No ano seguinte houve uma guerra, quase todos os jovens foram convocados e morreram na luta, mas como o velho e seu filho eram agora inválidos, ambos não tiveram de ir para a frente.

(Texto do Huainanzi, adaptado do livro de Lin Yutang, "A importäncia de compreender")


Ao lermos esta história do Huainanzi, podemos nos perguntar: existe o acaso? Existe sorte ou azar?

Deve existir algo próximo ao que chamamos de acaso: todas as coisas são criadas, por exemplo, de modo único. não existe um peixe igual a outro, ou mesmo um ser humano igual a outro. Nenhuma estação é idêntica a outra, bem como cada dia é diferente do outro. Este é o mundo de Qi (matéria), que é regido pela mutação (Yi).

No entanto, o que torna os peixes pertencentes a uma mesma espécie, o que faz os humanos nascerem com propriedades e características semelhantes, e o que faz com que os dias e estações sempre se repitam, dentro de certos ajustes, demonstra que existe um padrão por trás destas coisas. Este padrão é o princípio (Li), que rege a estruturação das coisas.

Sendo assim, tal como yin e yang, Li e Yi se combinam para dar forma e sentido a matéria. Do mesmo modo, se existe um acaso, então terá o acaso um certo padrão? Será o padrão do acaso ser, justamente, sua propriedade de "acasualidade"? E se o for, no que ela consiste? Se o acaso for como a mutação, então, ke neng (acaso) é igual ou, no mínimo, regido por yi (mutação), e assim sendo, há uma regra definidia para o que é o acaso, embora sua manifestação esteja sujeita ao acidente, como deve ser.

Por conseguinte, "acaso" não é senão outro nome de uma propriedade da mutação, mas que mesmo assim tem um padrão (Li). O acaso só pode, então, manifestar-se de modo imprevisível; logo, quanto melhor um plano for elaborado, e suas consequências forem as mais previsíveis, atendo-se ao princípio das coisas, e não a mutação, maiores são as chances do acaso ser afastado ou evitado.

Por esta razão, o sábio faz planos, e não deixa a vida levá-lo de modo acidental. A correnteza arrasta as coisas mortas; o sábio é flexível, mas sem perder sua consistência, e assim ele resiste ao acidente e imagina o que poder ser o futuro, de modo a realizar seus sonhos e aspirações. Ele não é arrastado pela correnteza; ele desenvolve o ritmo, aprende a nadar, e se dirige para onde quer ou para onde consegue ir.
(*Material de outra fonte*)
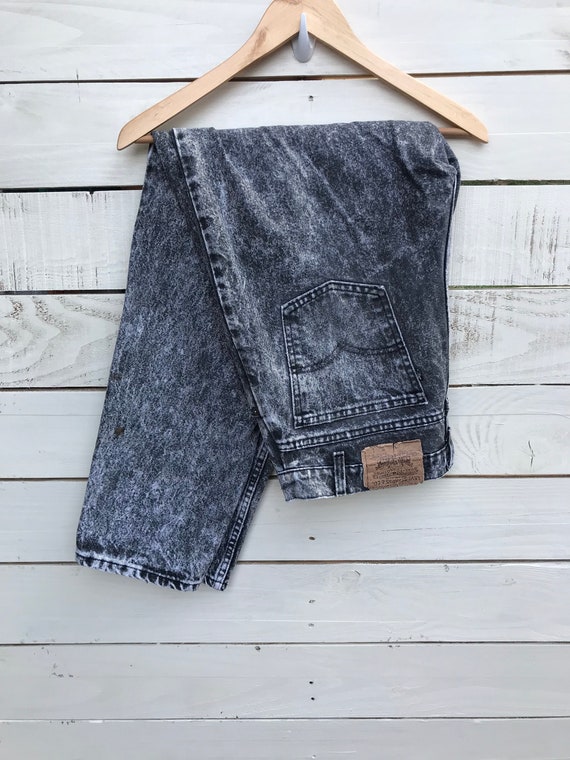 Black Marble Wash Levi Jeans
Quem imagina, pois, que a sorte ou azar estão além de nossa compreensão estão enganados. Liu An tentou transformar um acaso em algo além de nossa compreensão; de fato, porque a natureza funciona desta maneira, ninguém o sabe. Contudo, compreendemos alguns dos modos pelos quais ela opera, e isso tem estendido a vida dos seres humanos. Se nos deixássemos levar pela idéia do acaso como uma força preponderante na natureza, que sentido haveria, então, de fazer planos e tentar viver mais?

Disso decorre que o desejo de viver afasta o acaso dos planos; que continuamos a nos superar para não ceder ao imprevisível, e nem devemos acreditar que somos vítimas de um possível destino já traçado; ou pior, de uma vida absolutamente sem sentido, regida por disposições completamente acidentais.
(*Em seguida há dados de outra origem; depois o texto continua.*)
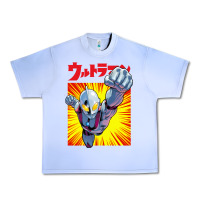 Grape Ice ultraman exclusive yellow Urban Heavy Tee - FloraArt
Wang Chuanshan disse: "Li existe dentro do Qi, e não há Qi sem Li. Qi existe no espaço, e o espaço existe por Li. Assim, ambas se engendram mutuamente", o que signfica: apenas os tolos se deixam levar pelas circunstâncias, acreditando que este é o sentido de sua existência.

Aliás, não creio ter feito este texto por acaso.